929.1
Fighting Complacency and Retrogression: Reawakening Gender Equity Activism In New Zealand

Tuesday, July 15, 2014: 5:30 PM
Room: Booth 46
Oral Presentation
Judy MCGREGOR , Head of Social Scinces and Public Policy, Auckland University of Technology, Auckand, New Zealand
Fighting complacency and retrogression: reawakening gender equality activism.
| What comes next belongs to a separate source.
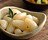 �D��������傤�@��2kg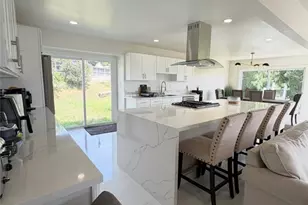 738 De Palma Way, Montebello, CA 90640 - Photo 4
New Zealand enjoys an impressive reputation for gender equality. It was the first self-governing nation to grant women's suffrage in 1893 and scores highly in international indexes such as the World Economic Forum's Global Gender Gap at sixth out of 135 countries. In recent political history women held the top four constitutional positions:Prime Minister, Governor General, Attorney-General and Chief Justice, for a short period of time. Yet as feminist academic Prue Hyman(2010) notes, New Zealand has moved from a relatively equal society to one of its most unequal in terms of earnings and income. The paper explores the recent mobilisation of feminist civil society and female-dominated trade unions who are beginning to collectively advocate and litigate on human rights  for women such as equal pay. They are using international human rights treaties, such as the Convention on the Elimination of All Forms of Discrimination Against Women (CEDAW), to harness their frustration, benchmark progress and hold the State party accountable for the implementation of women's human rights and their retrogression. The paper explores  and analyses the re-awakening of women's civil society activism around social and economic rights in a nation with a strong self-regard for its international reputation for gender equality. It uses data collected from New Zealand's seven periodic reports to the Committee on the Elimination of Discrimination Against Women in relation to Article 11 of  CEDAW relating to equal pay and assesses the State party's response to concluding observations and recommendations. It also reflects on the patterns of response of women's groups moving from complacency through frustration to mobilisation legally, politically and at the community level.